149. Any person who has unlawful carnal knowledge of a woman or girl, without her consent, or with her consent if the consent is obtained by force or by means of threats or intimidation of any kind, or by fear of bodily harm, or by means of false representations as to the nature of the act, or in the case of a married woman, by personating her husband, is guilty of the felony termed rape.’


[16] In other words, the appellant’s argument is that if the consent had not been obtained by the appellant by force or by means of threats or intimidation, or by fear of bodily harm, or by means of false representations as to the nature of the act but given by the complainant for other reason/s, it would still amount to real consent under the Penal Code. This appears to be a question of law alone and does not require leave to appeal to be taken up before the full court. However, a lot will depend on actual evidence of the complainant reflected in the transcripts, which are not available at this stage, as to her evidence on the aspect of consent.

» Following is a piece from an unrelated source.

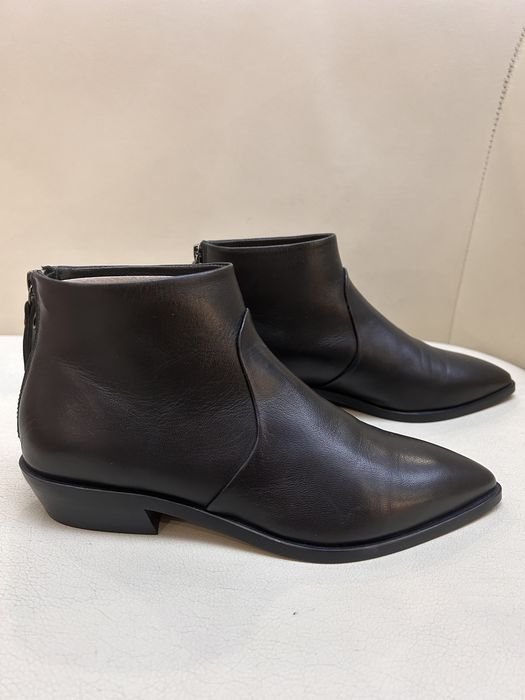 Femme AGL Bottines Noires Cuir 36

[17] Considering all the circumstances, I am of the view that interest of justice will be best served by leaving it to the full court to more fully go into the above issues with the aid of the complete appeal records. Thus, I express no opinion at this stage as to whether or not there is a reasonable prospect of success in the sole grounds of appeal.


Orders of the Court:


  1. Leave to appeal against conviction is allowed.
  2. Appeal against sentence is deemed to have been abandoned in terms of Rule 39 of the Court of Appeal Rules.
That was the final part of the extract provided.